By NHI Mgmt Group Editorial TeamPublished 2026-05-09Domain: Governance & RiskSource: WitnessAI

TL;DR: Explainable AI in finance is moving from post-hoc model explanations to runtime governance as credit, fraud, and AML decisions face stricter transparency demands, while generative and agentic AI fall outside traditional model risk frameworks, according to WitnessAI. The governance gap is no longer whether a model can explain itself, but whether institutions can prove controlled AI behaviour in production.


At a glance

What this is: This is an analysis of explainable AI in financial services, showing that traditional XAI methods help with credit, fraud, and AML decisions, but are not enough for generative and agentic AI.

Why it matters: It matters because IAM, risk, and compliance teams need governance that can evidence, control, and audit AI-driven decisions across human, NHI, and autonomous workflows.

By the numbers:

👉 Read WitnessAI's analysis of explainable AI in finance and runtime governance


Context

Explainable AI in finance is the problem of making model behaviour understandable enough for validation, compliance, and customer-facing decisions. In practice, the question is not whether an AI system can produce an answer, but whether the institution can justify that answer to regulators, reviewers, and affected customers.

That gap becomes more visible when AI affects credit, fraud, and AML workflows. Traditional model risk programmes were built for systems that are stable enough to validate upfront, while generative and agentic systems can change behaviour through runtime interaction, tool use, and orchestration.

For financial institutions, the primary challenge is governance continuity.
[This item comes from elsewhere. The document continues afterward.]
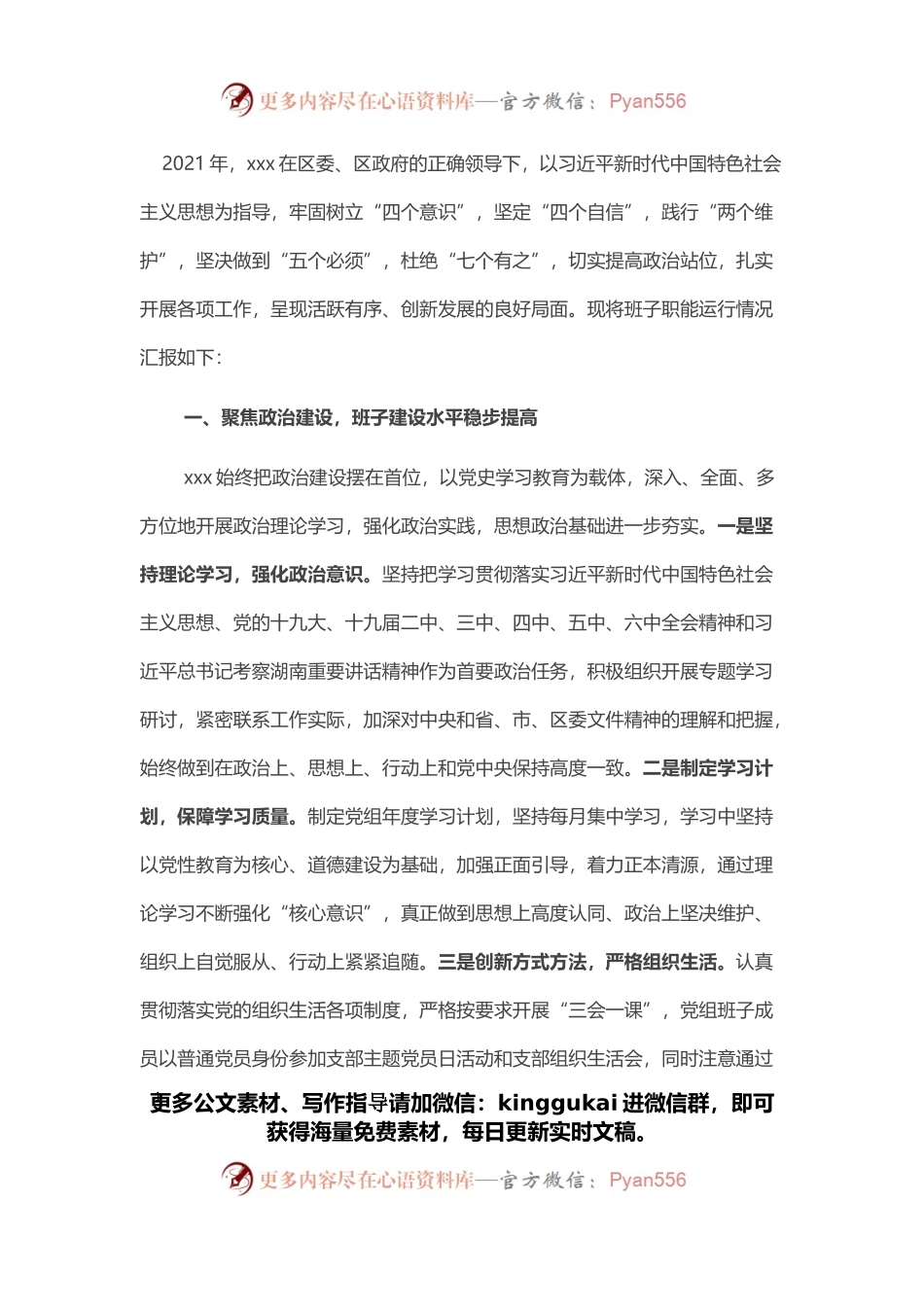 机关领导班子考核材料工作年度总结.docx_第1页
The same programme that can explain a credit scorecard may not be able to evidence control over a multi-step AI workflow that retrieves data, drafts content, and initiates actions without per-step human review.


Key questions

Q: How should financial institutions govern explainable AI in high-risk use cases?

A: They should match the explanation method to the decision and audience, then back it with audit trails and policy controls. Credit decisions need reasoned, defensible outputs. Fraud and AML workflows need evidence that investigators and validators can review. For generative and agentic systems, runtime observability becomes essential because post-hoc explanations alone do not prove control.

Q: Why do generative and agentic AI create problems for traditional model risk management?

A: Traditional model risk management assumes stable inputs, stable outputs, and a bounded decision path that can be validated before deployment. Generative and agentic systems can retrieve data, combine tools, and initiate actions during runtime, which means their behaviour may change in production. That makes explanation useful, but not sufficient for governance.

Q: What do financial services teams get wrong about SHAP and LIME?

A: They often treat them as universal explanation tools, when they are better understood as partial methods for specific model types. SHAP and LIME can help with structured decisioning, but they do not fully solve causal explanation, stability, or governance for large language models and agentic workflows. Teams should use them as evidence, not as complete control.

Q: How do AI transparency requirements change when systems can act autonomously?

A: Transparency requirements move from explaining a single model output to proving control over a sequence of actions. If an AI system can query data, draft communications, and trigger transactions, institutions need visibility into each step, not just the final answer. That makes runtime policy enforcement and auditability central to accountability.


Technical breakdown

Global explainability versus local explanation in credit decisions

Global explainability describes how a model behaves overall, while local explanation describes why one specific outcome occurred. In finance, both matter because validation teams need pattern-level assurance and customer-facing teams need reason codes that can be defended. Techniques such as SHAP and counterfactuals can provide those views, but they answer different questions. A global view can show feature dependence across a portfolio, while a local explanation can support adverse action notices or case review. The control problem is matching the explanation method to the decision audience, not treating one explanation layer as universal.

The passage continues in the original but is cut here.